AC power feeds (like the one to your house) are specified as RMS voltages. The voltage of an AC signal varies over time, so one cannot speak unambiguously of the voltage of an AC signal without employing some time related function whose values are specific to the properties of the signal in question. For power related applications, however, all one is really wanting to know is how much power the circuit is capable of delivering. We can assign a simple parameter to the signal by taking the amount of power the signal would deliver to a resistor of a given size and then calculate the DC voltage which would be required to deliver the same power to said resistor. Doing so sidesteps the need to deal with the actual waveform. This is known as the RMS voltage. For a sine wave symmetrical about 0 Volts, the RMS voltage is equal to the peak voltage (half the peak-peak voltage) divided by the square root of two. Thus, a sine wave power feed with a peak voltage of 141.42 volts (288V peak-peak) has an RMS voltage of 100 VAC. Our power lines typically deliver a voltage to the house of between 110 and 125 VAC. The peak voltage consequently ranges from 156 to 177 volts. I took the lower value as the example. Half wave rectification if done in a particular fashion could actually produce a DC signal of 332 to 354 volts, but with a horrible amount of ripple. Full wave rectification will produce about 154 to 175 volts, after allowing 0.7 volts drop across each diode.
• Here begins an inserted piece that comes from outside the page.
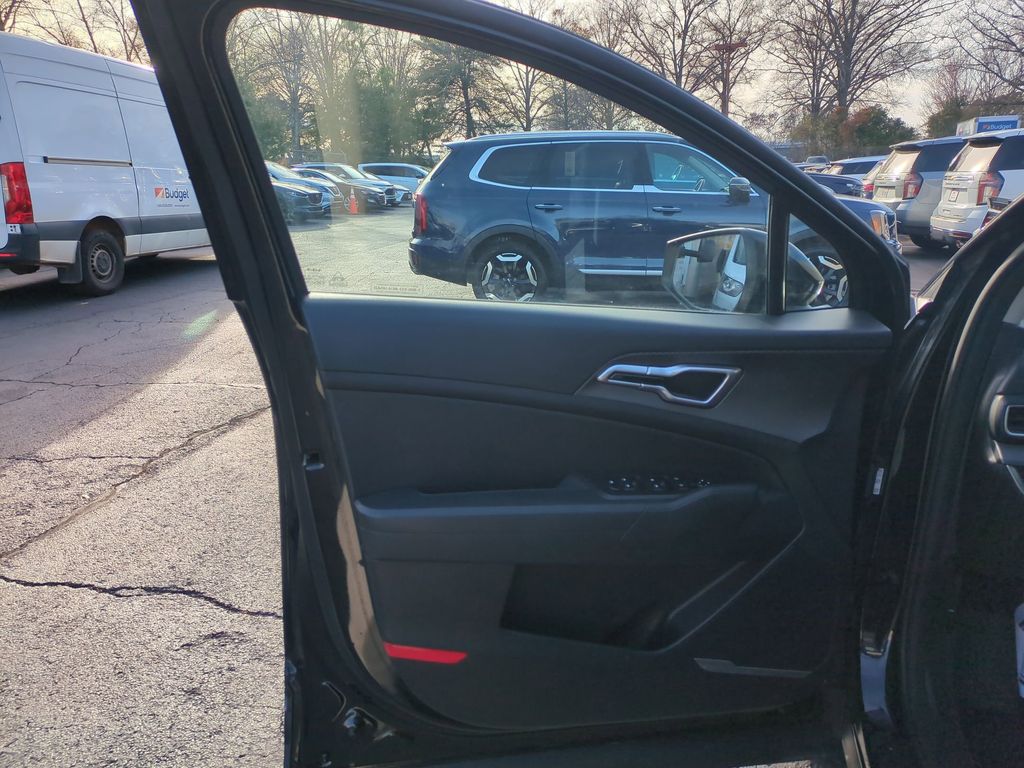 Thumbnail: 2024 Kia Sportage - 11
Go put an oscilloscope on your house power or rig up a full wave bridge and measure the output with a voltmeter and you will see. Take great care. House current is quite dangerous.
This is complete crap.
I have been a professional engineer for 35 years, and prior to that I worked in the physics lab for four years designing and maintaining (among other things) high power circuits while I was getting my degree in Physics. I assure you, it is not crap.
voltage drop on each LED would exceed the input voltage if they were all in series only.
If the number of LEDs drops or the input voltage rises to a few volts above the point where the string will carry essentially no current at all, the string will not suddenly burn up, trust me. Again, as long as the maximum input voltage does not exceed the specification for maximum voltage across the LEDs, they will be fine with no other consideration. After all, if you think about it a minute, that is all the limiting resistor does. If you tied them into the 13KV line feeding the power transformer servicing your house, then you would need a limiting resistor. A HUGE one.